后来井梨决定等项目完成就搬到西郊。她把这当做命运的馈赠。
可晋今源产生一种掉进命运陷阱的无力感,从那时候起,又或者是更早的时候,他总预感自己逃不出井梨的手掌心。
回国是因为要和她结婚,井梨也明确表示自己不接受异国婚姻。美国那边极力挽留他,晋今源也深知自己做出这个选择会给当初给予他充分信任和发展空间的公司重大打击,可在和白人董事长的数次交谈中,他坚持回国的决定。最后的最后,对方也慷慨祝福他。
最近事务所接了某片区的危房改造计划,时间急迫,他忙得焦头烂额,不想承认是为了逃避某些新闻把自己困在工作室。
也发现躲是躲不掉的。可以屏蔽外界的声音,但他的内心一直在喧嚣。
房子是大平层,一眼望去,开阔却无端压抑,干净到缺乏人气。
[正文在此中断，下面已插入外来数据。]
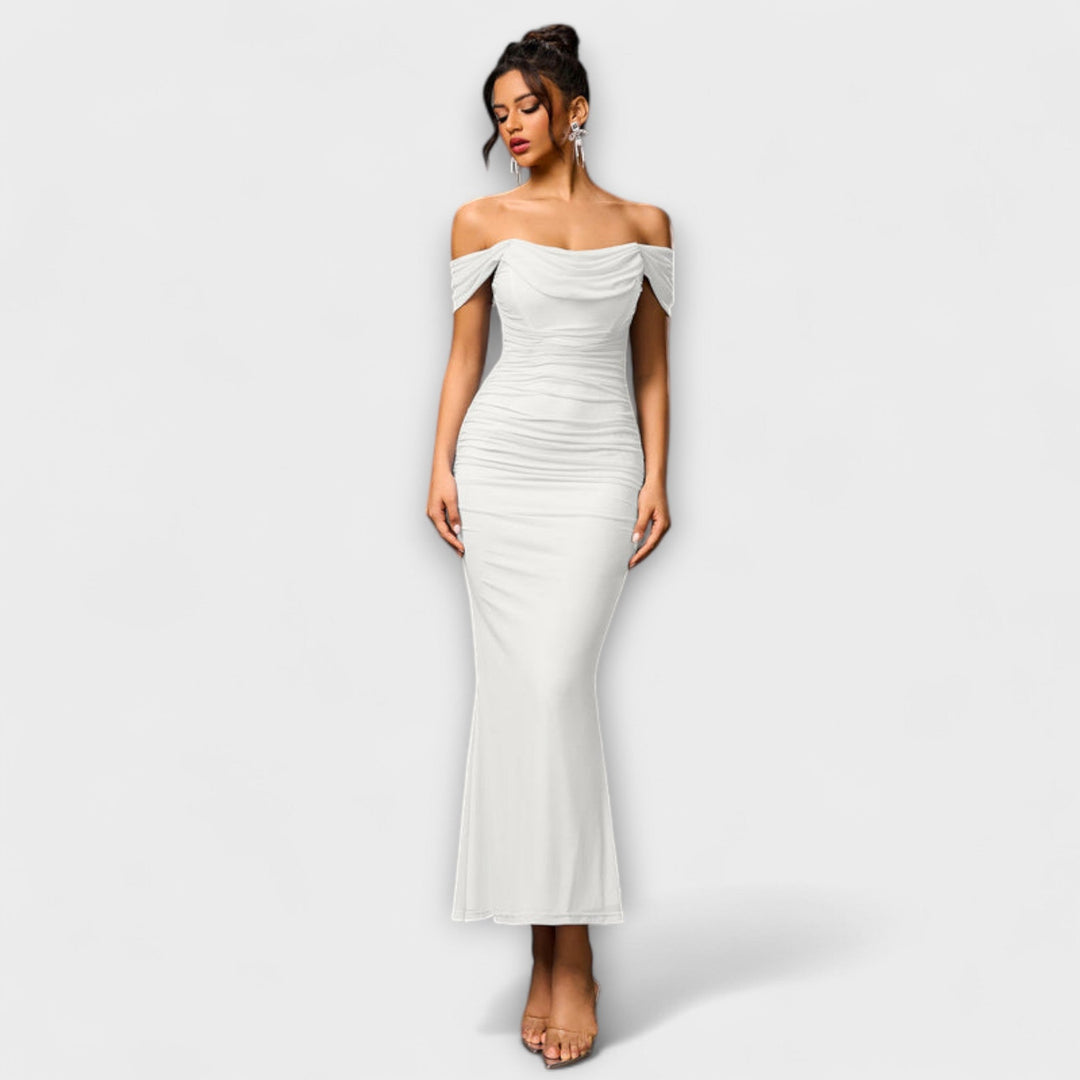 Waltraud - Off-Shoulder Raffung Bodycon Kleid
晋今源也不知道井梨多久没回来,事实上一年时间两人真正在这间房子共处的时间寥寥无几,而这稀缺的时间里两人又几乎是耗在主卧那张床上。
仅此而已。
他首先打开所有窗户通风,偶然瞥到客厅茶几和地板堆满零食袋,五花八门,全是拆封过的,但每一样几乎没动过的痕迹。
井梨坏习惯多到数不过来,喜欢购物,尤其享受逛超市满载而归,这是她幸福感的来源。
买回来的东西每样只尝一口就全丢给他,这对不吃零食的晋今源来说无异于一种惩罚。
丢掉又太可惜。
晋今源不知道这些东西从什么时候开始就在这里了,也许是她一时兴趣坐在这里要观看一场球赛,但踢得太烂,她又骂骂咧咧关掉屏幕走掉。
反正总有人替她收尾。
晋今源面无表情把东西通通收进垃圾桶,毫不怜惜。打开冰箱飘来一股恶臭,某天下午停过一阵子电,冰冻层的肉全都坏掉,他还是没反应,平静地清空、清理,最后在把冰箱彻彻底底清洗一遍。
终于等到要收拾衣服时,晋今源内心突然躁动,窜起一股无名火,将衣服扔回去,窗户关好、断水、断电,驱车离开。
像主人出远门的状态。
这根本不是一个家,家不应该是这样的。
晋今源被这个念头困住,不想追究自己的责任,只想挑她的罪名,以为这样会好受一些,但其实并没有。